More than half a dozen years ago, I coined “Prime Murder” as follows:
What proportion of integers are prime? What are the odds that you might commit a prime murder at some point in your mathematical career, be it in teaching, editing, or writing?
Over the centuries, both professional and amateur mathematicians weren’t spared from it. Think of Pierre de Fermat who erroneously thought that 2^(2⁵) + 1, or 2³² + 1, was a prime.
So, for the majority of us, whether we’re born or blessed with the “mathematical gene” or not, the chances of being found guilty of a prime murder might not be limited to a single-digit percent.
Below is a simple exercise that might help reduce the odds of someone being a “prime murderer.”
1. Which of the following numbers are prime?
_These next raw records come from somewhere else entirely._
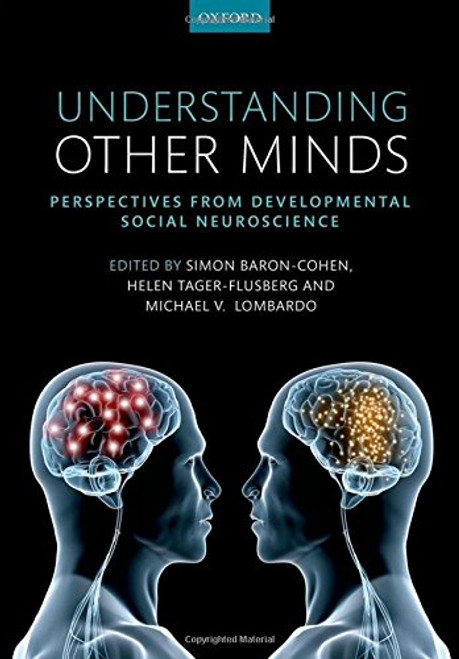 Understanding Other Minds: Perspectives from developmental social neuroscience
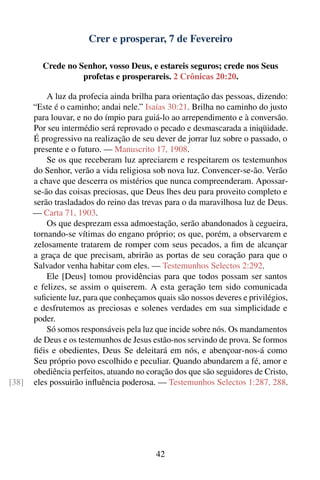 Crer e prosperar, 7 de Fevereiro

         Crede no Senhor, vosso Deus, e estareis seguros; crede nos Seus
                   profetas e prosperareis. 2 Crônicas 20:20.

           A luz da profecia ainda brilha para orientação das pessoas, dizendo:
       “Este é o caminho; andai nele.” Isaías 30:21. Brilha no caminho do justo
       para louvar, e no do ímpio para guiá-lo ao arrependimento e à conversão.
       Por seu intermédio será reprovado o pecado e desmascarada a iniqüidade.
       É progressivo na realização de seu dever de jorrar luz sobre o passado, o
       presente e o futuro. — Manuscrito 17, 1908.
           Se os que receberam luz apreciarem e respeitarem os testemunhos
       do Senhor, verão a vida religiosa sob nova luz. Convencer-se-ão. Verão
       a chave que descerra os mistérios que nunca compreenderam. Apossar-
       se-ão das coisas preciosas, que Deus lhes deu para proveito completo e
       serão trasladados do reino das trevas para o da maravilhosa luz de Deus.
       — Carta 71, 1903.
           Os que desprezam essa admoestação, serão abandonados à cegueira,
       tornando-se vítimas do engano próprio; os que, porém, a observarem e
       zelosamente tratarem de romper com seus pecados, a ﬁm de alcançar
       a graça de que precisam, abrirão as portas de seu coração para que o
       Salvador venha habitar com eles. — Testemunhos Selectos 2:292.
           Ele [Deus] tomou providências para que todos possam ser santos
       e felizes, se assim o quiserem. A esta geração tem sido comunicada
       suﬁciente luz, para que conheçamos quais são nossos deveres e privilégios,
       e desfrutemos as preciosas e solenes verdades em sua simplicidade e
       poder.
           Só somos responsáveis pela luz que incide sobre nós. Os mandamentos
       de Deus e os testemunhos de Jesus estão-nos servindo de prova. Se formos
       ﬁéis e obedientes, Deus Se deleitará em nós, e abençoar-nos-á como
       Seu próprio povo escolhido e peculiar. Quando abundarem a fé, amor e
       obediência perfeitos, atuando no coração dos que são seguidores de Cristo,
[38]   eles possuirão inﬂuência poderosa. — Testemunhos Selectos 1:287, 288.




                                          42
a) 919 b) 1,001 c) 1,763 d) 3,221 e) 8,081 f) 123,321
2. MAGA Math
a) The Pinocchio-in-Chief faces 91 criminal charges across four indictments, all of which he had pleaded not guilty. What are the chances that he is a prime suspect to these charges?
b) A “very stable genius” claimed to have an IQ of 211 (base p). Find the value of p.
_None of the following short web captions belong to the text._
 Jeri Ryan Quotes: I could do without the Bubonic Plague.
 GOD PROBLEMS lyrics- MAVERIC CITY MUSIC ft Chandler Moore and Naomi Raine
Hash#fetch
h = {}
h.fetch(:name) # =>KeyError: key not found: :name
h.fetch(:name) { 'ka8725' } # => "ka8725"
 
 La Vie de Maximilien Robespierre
c) The “MAGA-in-Chief” wanted a Secretary of State to find 11,780 votes, which would have given him one more than his Democratic opponent. Show that the requested number is not a prime number.
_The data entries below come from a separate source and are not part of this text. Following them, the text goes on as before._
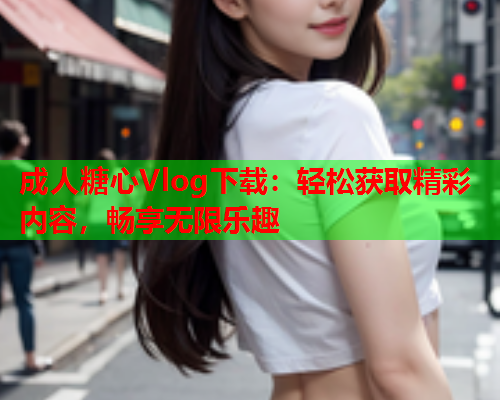 成人糖心Vlog下载：轻松获取精彩内容，畅享无限乐趣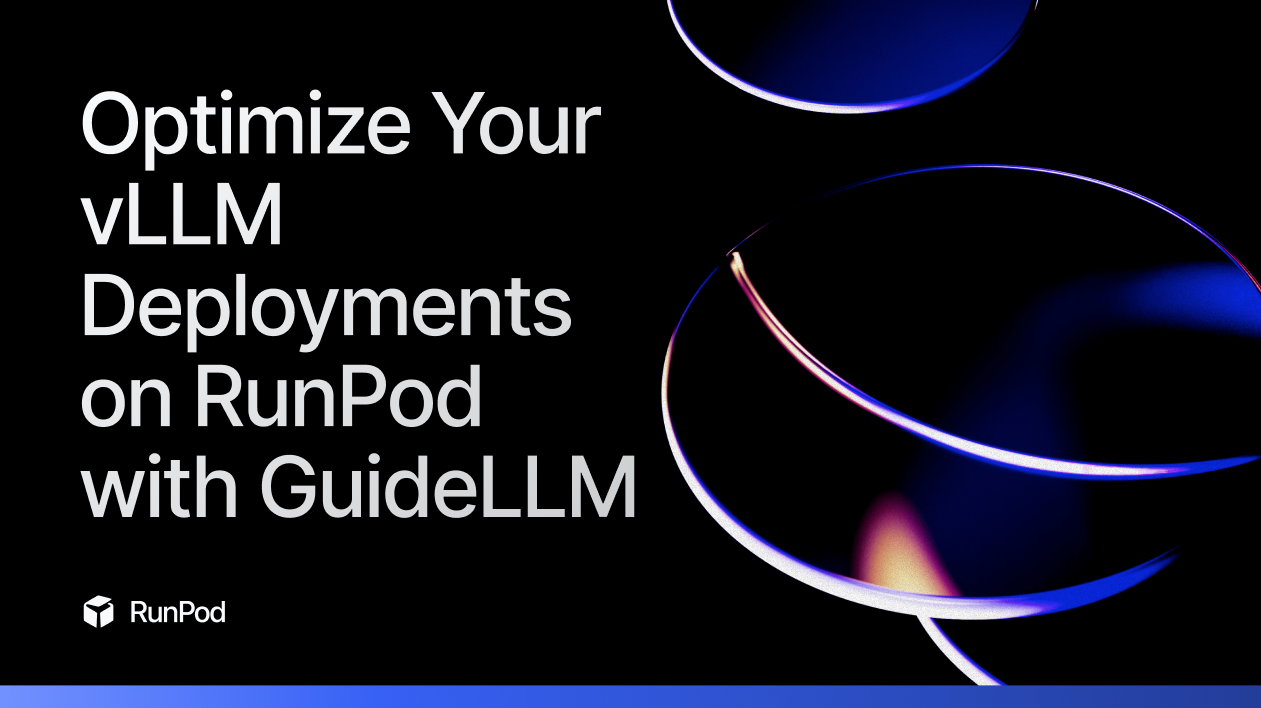 Optimize Your vLLM Deployments on RunPod with GuideLLM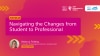 Webinar Banner "YEP Talk: Navigating the Changes from Student to Professional"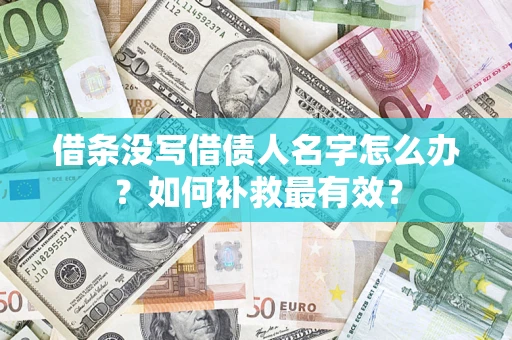 济南借条没写借债人名字怎么办？如何补救最有效？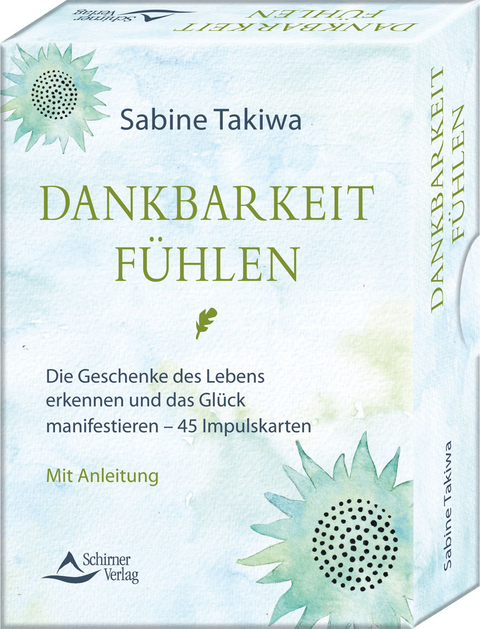 Dankbarkeit fühlen- Die Geschenke des Lebens erkennen und das Glück manifestieren - Sabine Takiwa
d) A judge determined that the ex-“Commander in Cheat” had overvalued his Mar-a-Lago property by 2,047% besides claiming that his penthouse in New York was three times its actual size. Is this a “prime percent”?
In Prime Suspects, when Prof. Gauss & team looked at the autopsies of the victims of two seemingly unrelated homicides, they discovered the shocking similarity between the structures of each body.
Let’s end with a prime factoid: The writers of The Simpsons and Futurama have been smuggling complex mathematical ideas into prime-time television for over a quarter of a century.
Primely yours
© Yan Kow Cheong, December 18, 2023.